* [Work to complete] Go to the line below containing "2021 Tesla Model" and print exactly from there through the line containing "Elegante borsa a", both included. Print nothing else.

* [Dataset excerpts]
*** Begin section ***

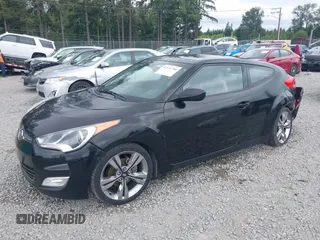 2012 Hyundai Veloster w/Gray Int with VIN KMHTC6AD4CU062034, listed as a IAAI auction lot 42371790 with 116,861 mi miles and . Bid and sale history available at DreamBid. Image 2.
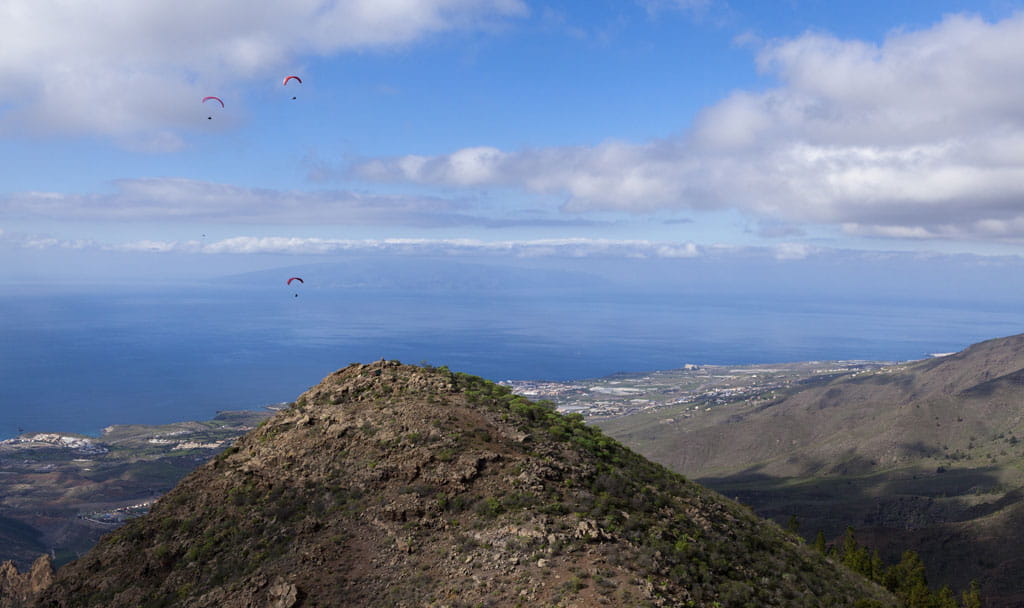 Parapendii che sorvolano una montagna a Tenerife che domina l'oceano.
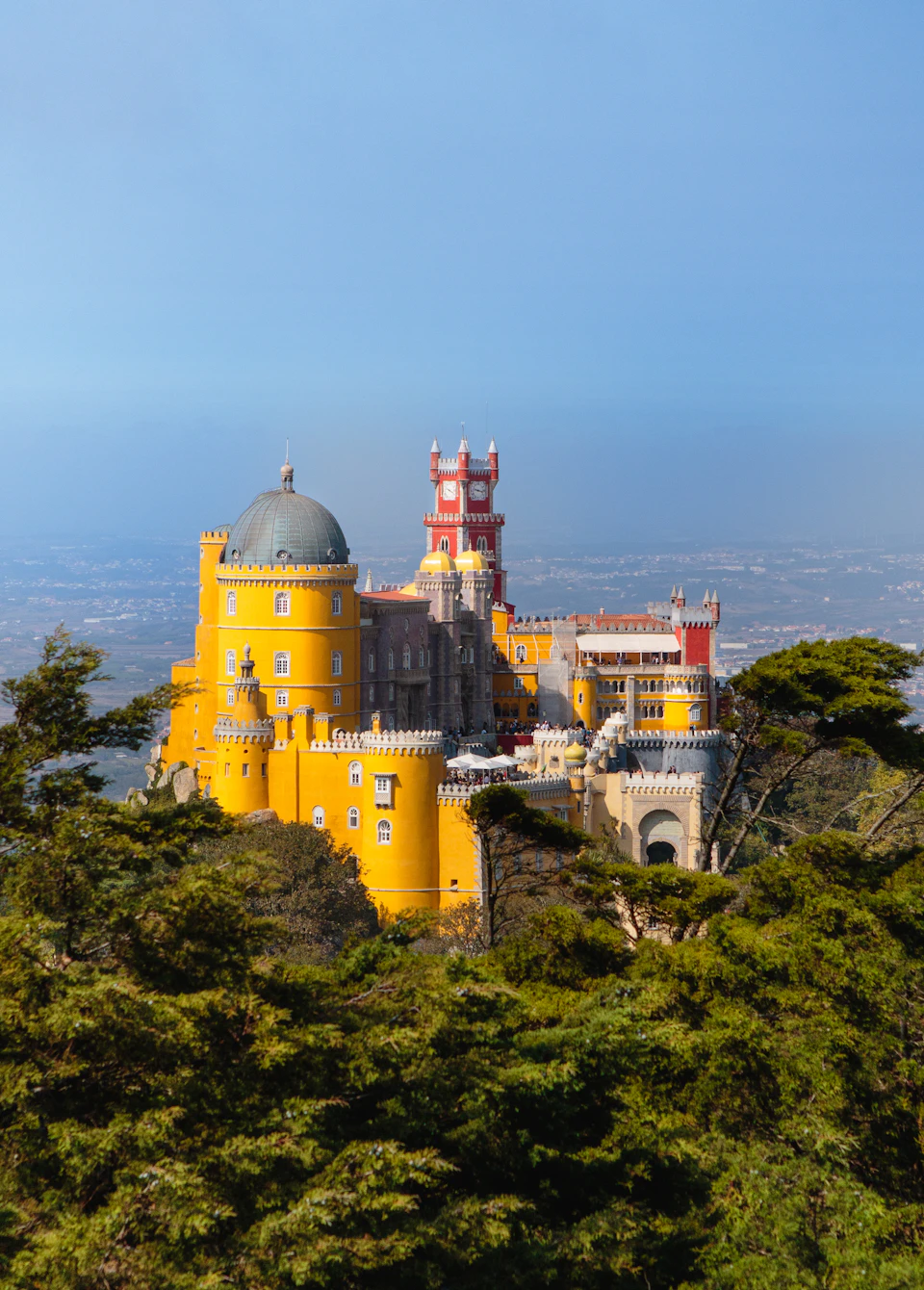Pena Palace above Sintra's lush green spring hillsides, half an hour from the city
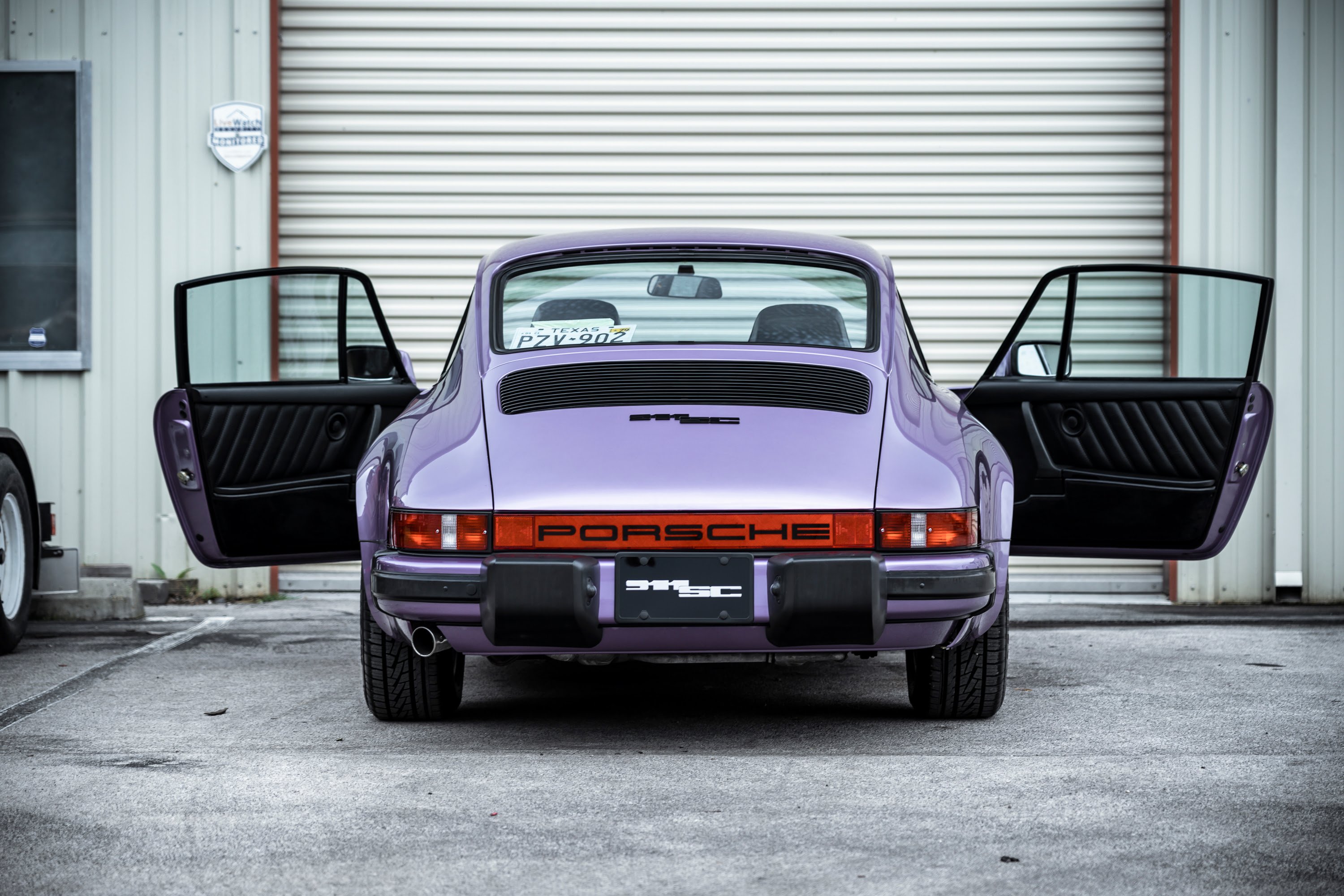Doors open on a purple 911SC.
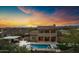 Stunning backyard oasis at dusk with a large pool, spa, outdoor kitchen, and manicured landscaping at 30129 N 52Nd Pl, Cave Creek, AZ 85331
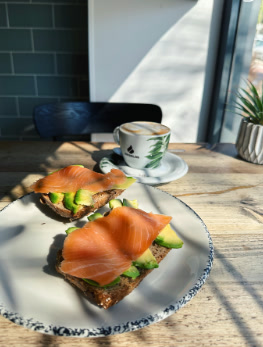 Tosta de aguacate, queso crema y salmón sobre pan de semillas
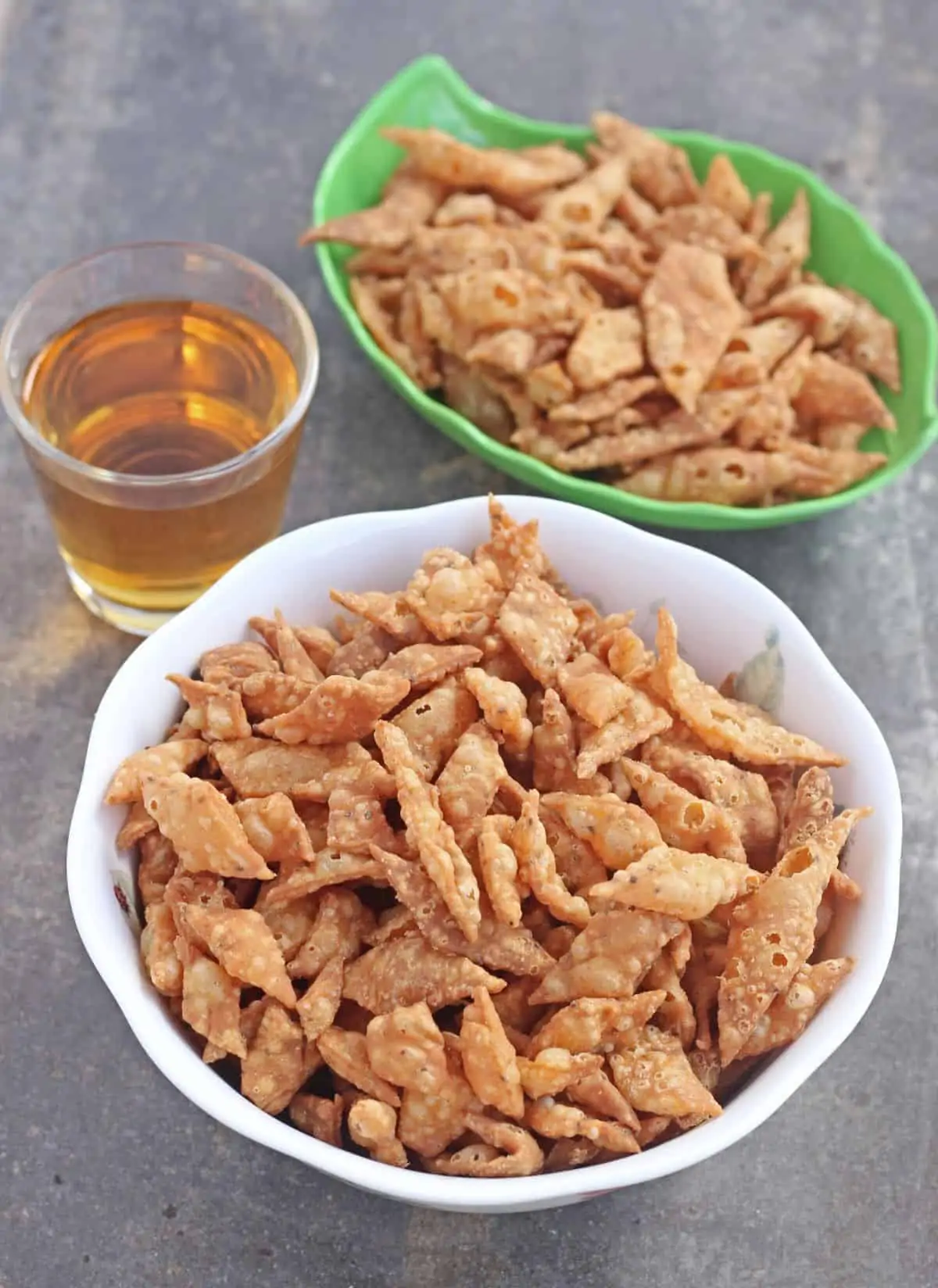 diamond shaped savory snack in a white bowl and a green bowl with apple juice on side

*** End section ***
*** Begin section ***

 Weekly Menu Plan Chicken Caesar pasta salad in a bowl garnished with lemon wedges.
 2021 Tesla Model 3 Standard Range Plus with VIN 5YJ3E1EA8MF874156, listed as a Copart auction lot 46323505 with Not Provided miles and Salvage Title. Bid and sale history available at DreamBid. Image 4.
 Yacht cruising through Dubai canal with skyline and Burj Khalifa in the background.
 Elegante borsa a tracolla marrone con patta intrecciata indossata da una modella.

*** End section ***

* [Answer space]
 2021 Tesla Model 3 Standard Range Plus with VIN 5YJ3E1EA8MF874156, listed as a Copart auction lot 46323505 with Not Provided miles and Salvage Title. Bid and sale history available at DreamBid. Image 4.
 Yacht cruising through Dubai canal with skyline and Burj Khalifa in the background.
 Elegante borsa a tracolla marrone con patta intrecciata indossata da una modella.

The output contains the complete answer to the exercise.